Os leucotrienos difundem-se rapidamente pela circulação, e no fígado são beta-oxidados em metabólitos inativos carbono-18-, -16 e -14, sendo excretados pela bile. Uma proporção fixa (cerca de 5%) dos cys-LTs, sintetizados nos pulmões e em outras partes, é encontrada inalterada na urina como LTE4. O LTE4 urinário é utilizado, na prática, como marcador da síntese de leucotrienos, servindo também para monitorar a eficácia das drogas inibidoras de síntese.
Os leucotrienos LTC4 e LTD4 atuam como potentes broncoconstritores agindo em receptores na musculatura lisa das vias aéreas, sendo de 1.000 a 10.000 vezes mais potentes que a histamina in vivo e in vitro.12 O LTE4 é 10 vezes menos potente que o LTC4 e LTD4, porém é 10–100 vezes mais potente que a histamina, sendo a contração muscular intensamente prolongada.
Os leucotrienos são uns dos mais potentes secretagogos de muco nos bronquíolos humanos, sendo 100 vezes mais potentes do que agonistas colinérgicos (metacolina) e outros secretagogos (prostanoides).
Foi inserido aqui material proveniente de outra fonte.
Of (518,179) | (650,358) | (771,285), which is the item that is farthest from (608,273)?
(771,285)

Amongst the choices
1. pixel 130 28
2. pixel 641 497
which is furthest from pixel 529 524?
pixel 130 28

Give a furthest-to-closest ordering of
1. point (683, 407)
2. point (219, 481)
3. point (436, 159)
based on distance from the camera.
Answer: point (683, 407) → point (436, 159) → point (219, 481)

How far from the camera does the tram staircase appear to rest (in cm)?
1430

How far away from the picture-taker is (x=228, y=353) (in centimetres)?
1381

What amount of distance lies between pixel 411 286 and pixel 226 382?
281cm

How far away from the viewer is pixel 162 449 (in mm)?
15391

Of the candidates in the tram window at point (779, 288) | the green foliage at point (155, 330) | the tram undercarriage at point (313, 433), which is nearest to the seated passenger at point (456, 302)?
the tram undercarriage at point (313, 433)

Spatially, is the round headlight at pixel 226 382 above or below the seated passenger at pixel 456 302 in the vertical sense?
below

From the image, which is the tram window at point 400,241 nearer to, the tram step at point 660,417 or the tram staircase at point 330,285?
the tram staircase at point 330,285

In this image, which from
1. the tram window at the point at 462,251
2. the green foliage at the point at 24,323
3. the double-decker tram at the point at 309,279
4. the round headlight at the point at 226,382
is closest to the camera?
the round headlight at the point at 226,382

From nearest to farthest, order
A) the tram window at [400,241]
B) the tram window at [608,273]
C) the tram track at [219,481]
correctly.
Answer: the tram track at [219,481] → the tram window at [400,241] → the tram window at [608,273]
Em humanos, a lentificação do transporte mucociliar que se segue à inalação de alérgenos é bloqueada por antagonistas de receptores de cys-LTS (cys-LTRA).
O LTC4 e LTD4 atuam no endotélio de vênulas pós-capilares permitindo extravasamento de macromoléculas gerando edema e via receptores cys-LT2 determinam constrição das veias pulmonares. Os cys-LTs podem upregulate a expressão de adesão de moléculas (p.ex. P-selectinas) no endotélio vascular, favorecendo a marginação dos leucócitos. Estimulam a PLA2 com a subsequente ativação de prostaglandinas e tromboxane.
Na inflamação crônica os cys-LTs têm uma potente ação quimiotáxica para atrair eosinófilos para o local da inflamação. Este efeito pode ser mediado: por ação quimiotáxica direta nos eosinófilos via receptores cys-LT; upregulation das moléculas de adesão no endotélio vascular pulmonar; interação com citocinas que interferem na eosinopoiese ou interferindo na apoptose (morte celular programada).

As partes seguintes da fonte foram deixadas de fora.